The annual climate conference approved a seminar next May, as proposed by the European Union, but one at which governments can only informally raise a range of issues, including next steps on control of carbon-dioxide and other emissions blamed for warming.
"The only thing we want to discuss is future options, and we will," said a key EU negotiator, Pieter van Geel, the Dutch environment secretary.
For their part, the Americans avoided any commitment to formally negotiate mandatory reductions in emissions, the idea Bush rejected in 2001, when he renounced Kyoto. Bush said Kyoto would harm the US economy and complained that China, India, and other poorer but industrializing nations were exempt from the 1997 pact's short-term goals.
Even this US-European compromise, brought to the open floor for routine adoption at the end of the two-week conference, was stalled for hours yesterday morning by India, China, and others.
"Developing countries and the US didn't want to see a wider opening for new commitments," Chinese delegate Gao Feng said. With Argentina's mediation, new language was inserted on the floor saying the seminar "does not open any negotiation leading to new commitments."
If the Europeans or others at next year's seminar launch discussions about a future treaty framework, US diplomats will probably ignore them. "We think it's premature," the US delegation head, Undersecretary of State Paula Dobriansky, said last week.
Carbon dioxide, a byproduct of automobile engines, power plants, and other fossil fuel-burning industries, traps heat that otherwise would escape the atmosphere. A broad scientific consensus, endorsed by a UN-sponsored network of climatologists, holds that most of the past century's global temperature rise -- 1 degree Fahrenheit -- was probably caused by the accumulation of greenhouse gases in the atmosphere.
Latest figures, for 2000, show that the United States accounted for 21 percent of the world's emissions of carbon dioxide, methane, and the handful of other problem gases, compared with 14 percent for the 25-nation European Union. On a per-capita basis, Europeans produce only half the amount of greenhouse gases Americans do.

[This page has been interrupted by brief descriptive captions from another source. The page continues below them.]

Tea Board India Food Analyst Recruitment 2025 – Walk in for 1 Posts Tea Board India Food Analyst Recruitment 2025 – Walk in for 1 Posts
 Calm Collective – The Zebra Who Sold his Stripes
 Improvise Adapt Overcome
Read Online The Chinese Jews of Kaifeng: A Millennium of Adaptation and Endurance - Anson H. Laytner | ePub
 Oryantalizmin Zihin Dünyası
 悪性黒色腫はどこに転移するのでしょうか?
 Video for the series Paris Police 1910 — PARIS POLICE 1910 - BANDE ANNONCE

The Kyoto Protocol, effective next Feb. 16, established a schedule of emissions for 30 industrial countries that ratified it. By 2012 the European Union, for example, must cut emissions by 8 percent below 1990 levels, and Japan and Canada by 6 percent.
The Kyoto cutbacks are modest compared to the problem. In a report issued here last week, climatologists from the British government's Hadley Center projected that global temperatures would most likely rise by 6 degrees Fahrenheit by the late 21st century or earlier, if carbon dioxide concentrations in the atmosphere are allowed to double -- a realistic scenario.

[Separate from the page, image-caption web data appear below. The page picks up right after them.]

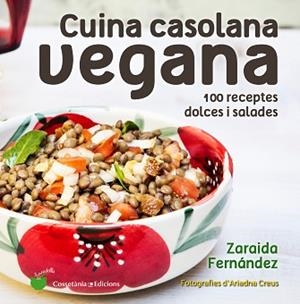 CUINA CASOLANA VEGANA | 9788490346150 | FERNÁNDEZ, ZARAIDA | Llibreria Aqualata | Comprar libros en catalán y castellano online | Comprar libros Igualada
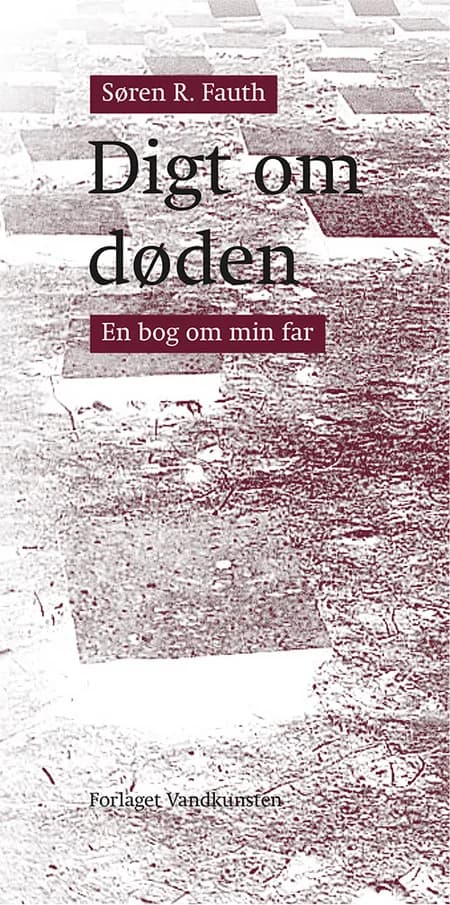 Digt om døden af Søren R. Fauth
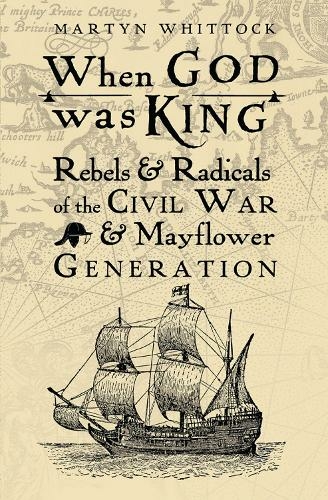 When God was King: Rebels & Radicals of the Civil War & Mayflower Generation (New edition)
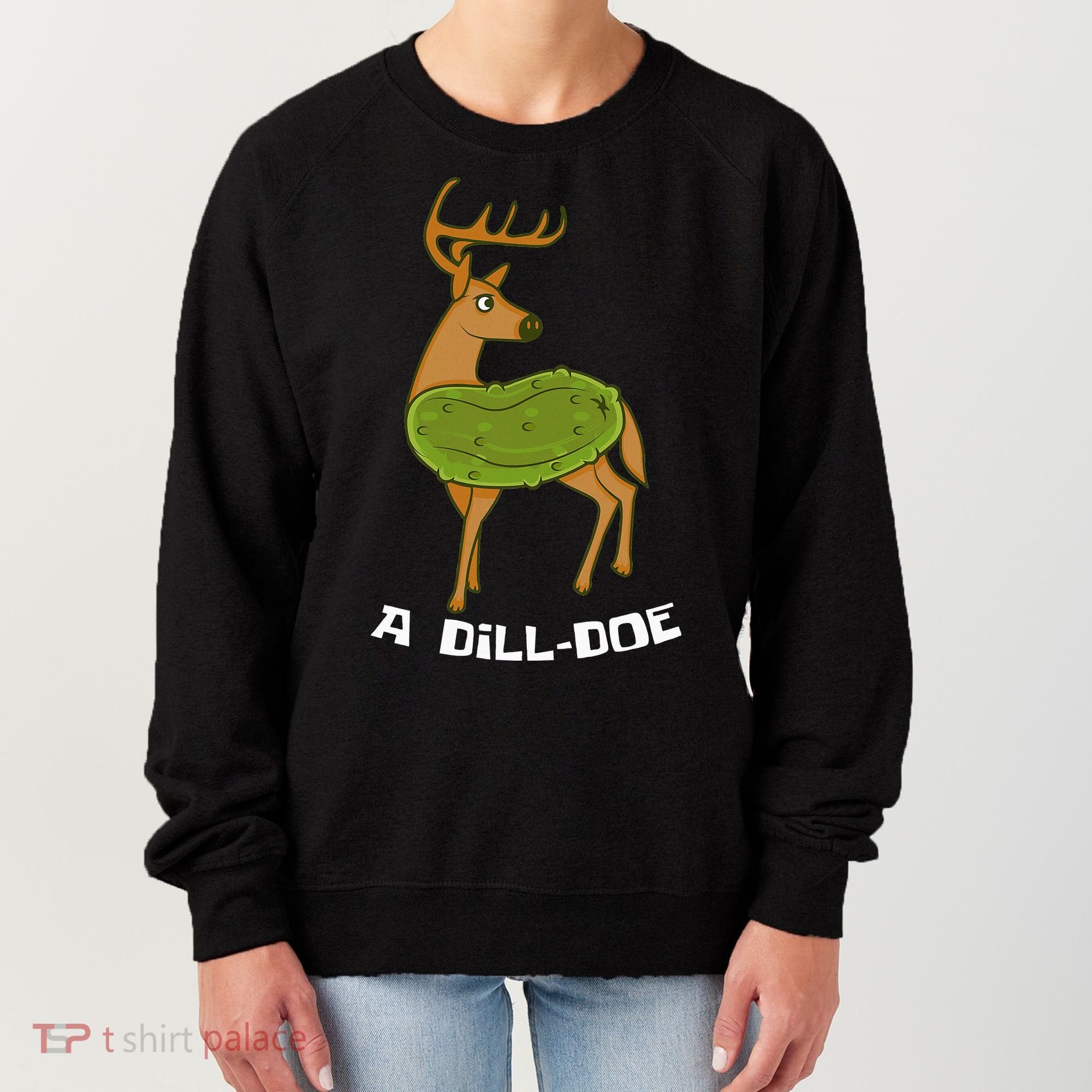 Dill Doe Dildo Comic And Joke Fan Women's Sweatshirt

Computer models show such unprecedentedly swift temperature rises would shift climate zones, produce more extreme weather events, and raise sea levels via the melting of land ice and thermal expansion of oceans. Impacts are already seen in the Arctic and elsewhere, scientists report.
The US delegation sought to put the focus in Buenos Aires on long-range US programs to develop cleaner-burning energy technologies. That's too little, too late, environmentalists say.